И видит она, что это ей не кажется, а взаправду есть: откуда-то слетели воробушки и пали на колос в свет и сидят-глядят на нее натопорщившись…

«Давай скорее выхвачу да и убегу», – думает Мавра и стала скорей руками колос разворашивать, а там под рукой у нее что-то двигнулось и закопалося… Она – цап посильней, а ей откуда ни спади еще воробей, и трепещется, и чирикает… «Тьфу, мол, чтт тебе надобно? Проклятый ты!» Взяла его да и сорвала ему головеночку, а сама не заметила, как с сердцем в злости фонарь бросила и от него враз солома вся всполыхнула; а оттудова-то, из кучи-то – чтт вы скажете! – восстает оное дитя лупоглазое и на челушке у него росит кровь.

Тут уж Мавра забыла все и бросилась бежать, а огонь потек с бурею в повсеместности и истлил за единый час все, чем мы жили и куражились…

И стало нам хуже всех тех, которые докучали нам, потому что не только у нас весь хлеб погорел, а и жить-то не в чем было, и пошли мы все к своим нищим проситься пожить у них до теплых дней.

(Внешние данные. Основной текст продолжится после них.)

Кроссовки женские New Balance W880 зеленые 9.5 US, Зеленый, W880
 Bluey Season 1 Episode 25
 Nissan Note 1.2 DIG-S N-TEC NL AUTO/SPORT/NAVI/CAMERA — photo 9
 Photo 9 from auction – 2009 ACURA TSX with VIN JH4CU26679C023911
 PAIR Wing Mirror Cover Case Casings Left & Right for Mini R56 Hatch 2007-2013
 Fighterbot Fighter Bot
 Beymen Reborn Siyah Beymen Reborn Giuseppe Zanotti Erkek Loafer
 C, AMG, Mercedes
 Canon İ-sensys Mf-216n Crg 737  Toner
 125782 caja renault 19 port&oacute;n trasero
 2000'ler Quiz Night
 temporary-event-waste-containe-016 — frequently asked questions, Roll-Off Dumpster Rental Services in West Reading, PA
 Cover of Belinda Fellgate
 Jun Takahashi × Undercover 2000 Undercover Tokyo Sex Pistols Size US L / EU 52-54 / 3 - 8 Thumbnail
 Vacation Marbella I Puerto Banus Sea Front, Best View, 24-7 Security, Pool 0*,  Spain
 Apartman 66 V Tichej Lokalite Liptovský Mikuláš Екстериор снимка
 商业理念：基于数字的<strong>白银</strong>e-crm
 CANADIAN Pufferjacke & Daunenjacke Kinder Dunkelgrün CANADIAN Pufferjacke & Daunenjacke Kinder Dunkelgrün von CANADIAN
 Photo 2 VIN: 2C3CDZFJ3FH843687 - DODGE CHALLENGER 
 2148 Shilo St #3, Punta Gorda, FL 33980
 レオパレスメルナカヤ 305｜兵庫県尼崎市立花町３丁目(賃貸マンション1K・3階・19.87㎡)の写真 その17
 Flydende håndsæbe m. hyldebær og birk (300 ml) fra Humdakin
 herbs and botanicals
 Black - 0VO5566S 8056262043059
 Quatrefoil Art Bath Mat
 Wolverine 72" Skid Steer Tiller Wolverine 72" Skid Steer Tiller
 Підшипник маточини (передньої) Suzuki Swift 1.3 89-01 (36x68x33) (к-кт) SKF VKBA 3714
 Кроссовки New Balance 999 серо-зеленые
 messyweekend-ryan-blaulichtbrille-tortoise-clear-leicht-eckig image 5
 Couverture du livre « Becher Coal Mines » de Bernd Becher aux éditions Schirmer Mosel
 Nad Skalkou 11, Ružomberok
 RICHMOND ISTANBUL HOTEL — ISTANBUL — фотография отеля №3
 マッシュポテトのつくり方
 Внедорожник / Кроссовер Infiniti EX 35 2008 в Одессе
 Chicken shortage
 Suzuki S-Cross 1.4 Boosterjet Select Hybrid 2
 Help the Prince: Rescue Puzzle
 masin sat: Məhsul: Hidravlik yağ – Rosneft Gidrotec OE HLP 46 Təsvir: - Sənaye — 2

А дед-то Федос на пожаре опекся весь и вставать не стал; ну, а все ладил в ту же стать и говорил другим с утешением:

– Ничего, – говорит, – хорошо все от господа посылается. Вот как жили мы в божьих в любимчиках – совсем, было, мы позабылись, – хотели все справлять свои дурости, а теперь господь опять нас наставит на лучшее.

Так и помер с тем, – с этой верой-то!

А какое это было дитя, и откудова, и куда оно в пожар делося – так никогда потом и не дозналися, а только стали говорить, будто это был ангел и за нечувствительность нашу к нему мы будто были наказаны.

Все равно, – говорил Федос, – кто бы ни был он, – бедное дитя всегда «божий посол»: через него господь наше сердце пробует… Вы все стерегитеся, потому что с каждым ведь такой посол может встретиться!

Впервые опубликовано – журнал «Северный вестник», 1892.